(Beginning of Source data)
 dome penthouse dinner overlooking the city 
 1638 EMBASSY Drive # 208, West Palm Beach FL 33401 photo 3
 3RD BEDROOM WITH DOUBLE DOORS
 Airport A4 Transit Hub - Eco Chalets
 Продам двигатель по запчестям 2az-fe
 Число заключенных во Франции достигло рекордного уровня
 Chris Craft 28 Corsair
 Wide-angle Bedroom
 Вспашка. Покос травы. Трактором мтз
(End of Source data)
Work item:
Retype each entry exactly, missing none.

Reply to the task:
 dome penthouse dinner overlooking the city 
 1638 EMBASSY Drive # 208, West Palm Beach FL 33401 photo 3
 3RD BEDROOM WITH DOUBLE DOORS
 Airport A4 Transit Hub - Eco Chalets
 Продам двигатель по запчестям 2az-fe
 Число заключенных во Франции достигло рекордного уровня
 Chris Craft 28 Corsair
 Wide-angle Bedroom
 Вспашка. Покос травы. Трактором мтз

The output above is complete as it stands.